Self Doubt & Teaching

Someone in my life once noticed that I tend to sabotage myself. Sometimes the problem is simple: I don’t have enough time to dedicate to something so I simply opt out of doing it at all, which is what happened when I dropped out of a high-level internship at a law office in Los Angeles after juggling school, work, university sports, and the internship. I felt like I was stretched too think to produce good work and rather than doing my best, which I felt wasn’t enough, I quit. Other times, I simply lack confidence. I’ve missed important interviews because I didn’t think I was qualified enough even though I was. The examples of this are countless and the reasons various. However, the common thread among them is obvious: fear. I was afraid of this, or afraid of that. I was afraid of doing my best and still coming up short; I was afraid others would laugh at me after I had left the room.

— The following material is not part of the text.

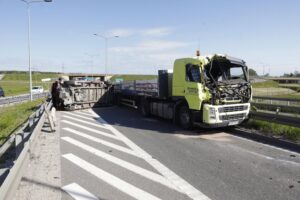 23.05.2022. Kostomłoty Pierwsze. Zderzenie busa i ciężarówki / Jarosław Kubalski / Radio Kielce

During my time at UCLA I completed two graduate courses. In those classes, the intellect was high and, as an undergraduate student, I lacked confidence when sitting in a room full of seasoned graduate students. My first course was a Portuguese literature and translation course taught by author and translator Benjamin Moser. Moser translated most of Clarice Lispector’s writings and ultimately wrote her biography, Why This World.  We talked about the theories of translation work, the processes involved, and were tasked to translate some of Clarice’s work from the original writings in Portuguese, which we later compared with one another while discussing our decisions. Clarice’s prose embodies the post-modern and is challenging to translate. Her syntax, word choice, and overall structure– or lack thereof– is everything but normal. The final for the course was an individual assignment, which went well. A semester later, I enrolled in another graduate-level course, this time in contemporary Russian literature. The intellect was even higher and this time I was the only one who didn’t speak the language. Everybody else was reading the texts in Russian and knew the underpinning historical and cultural contexts involved; I did not. I always felt like I was three steps behind. For our final assignment, we were all asked to consider the readings done throughout the course and teach the class for an hour. I was terrified. Even though I had done well in school and in the previous graduate-level course, I could not convince myself that what I would teach these graduate students would be of any importance to them or interest them in the least. I was afraid, even, that they would disagree with me entirely, or outwit me in my own arguments and thoughts, or think that I was unintelligent simply because they were more intelligent.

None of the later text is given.